The campaign by creative agency Karmarama, which consists of a series of six posters and three TV adverts, calls on young people between the ages of 16 and 25, to join the British Army, using the tagline: “Your army needs you”
The posters emulate the design and fonts of a first world war poster featuring Field Marshall Lord Kitchener, titled Your Country Needs You’. Launched on 3 January 2019, the campaign targets young people who feel unfulfilled and who want a job with a “bigger sense of purpose”.
The series of six posters praise “snowflakes” – people who are prone to taking offence – for their compassion and “class clowns” for their spirit. It also celebrates gaming and selfie enthusiasts for their drive and confidence, and millennials for their self-belief.
The campaign included a series of TV adverts that portray three potential recruits at home or work who are ridiculed for their “millennial” attributes by their peers.
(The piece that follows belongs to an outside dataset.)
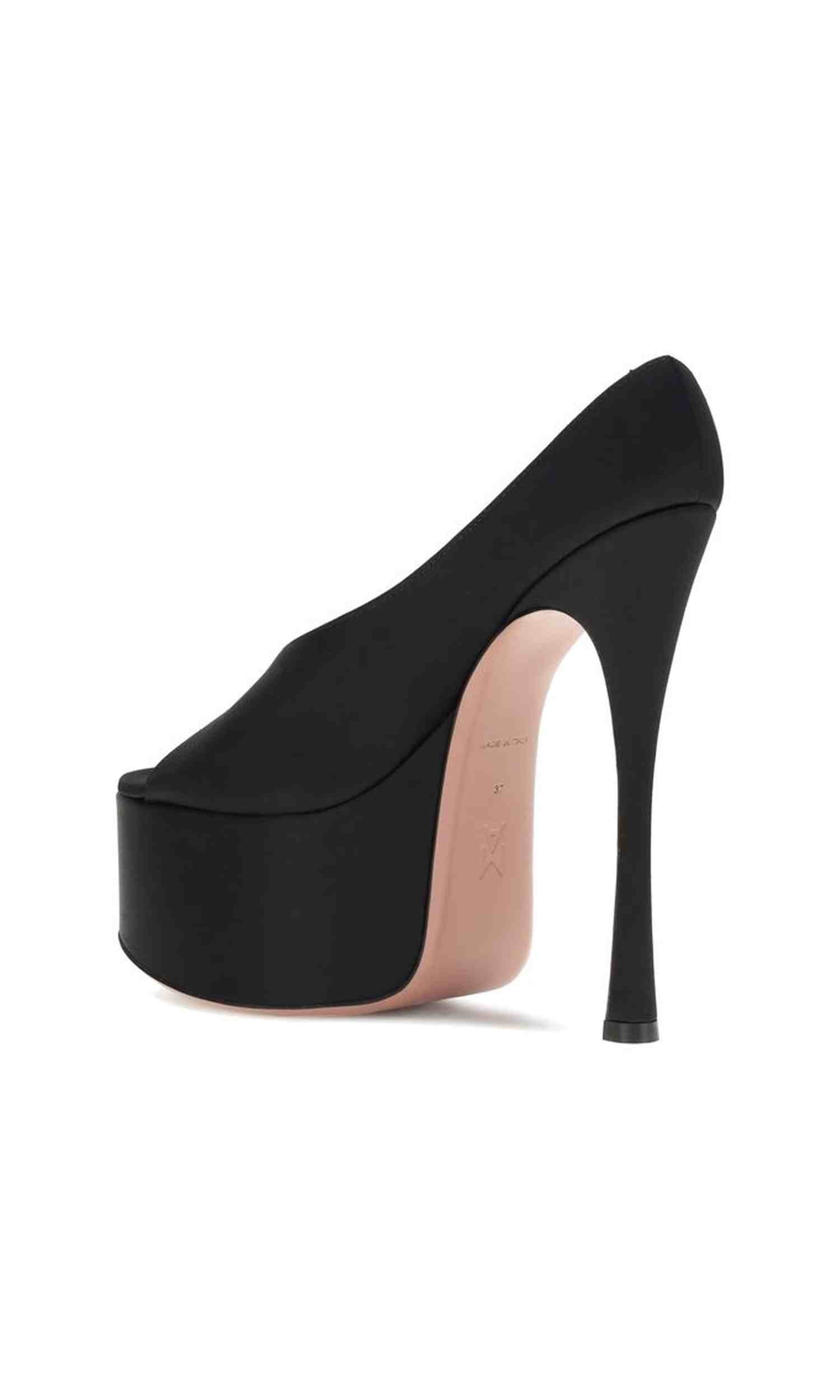 Amina Muaddi Anok Sandals Glam Steals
These characteristics are then re-contextualised as sought-after skills in the army.
The aim of the campaign is to show that qualities that can be perceived as weak or embarrassing are in fact desirable characteristics in the army.
“This generation of 18 to 24-year-olds gets a lot of bad press. They are constantly berated in the media with a barrage of derogatory terms and dismissed as a lost cause,” said Nik Studzinski, chief creative officer at Karmarama to Dezeen.
“As a modern and progressive employer, the British Army sees things differently. It sees a generation full of potential – capable, talented and keen to make a difference,” he explained.
The British Army agreed with this statement. “The Army sees people differently,” said major general Paul Nanson. “We understand the drive they have to succeed and recognise their need for a bigger sense of purpose in a job where they can do something meaningful.”
One advert shows a young person playing computer games, much to his family’s disapproval, before showing how his love of technology can be used to the army’s advantage.
Another video focuses on a supermarket trolley assistant who is made fun of by her colleagues for being slow. She is later depicted in a combat situation where patience and focus are crucial qualities.
UK defence minister Gavin Williamson called the campaign a “powerful call to action that appeals to those seeking to make a difference as part of an innovative and inclusive team”.
“It shows that time spent in the army equips people with skills for life and provides comradeship, adventure and opportunity like no other job does,” he said.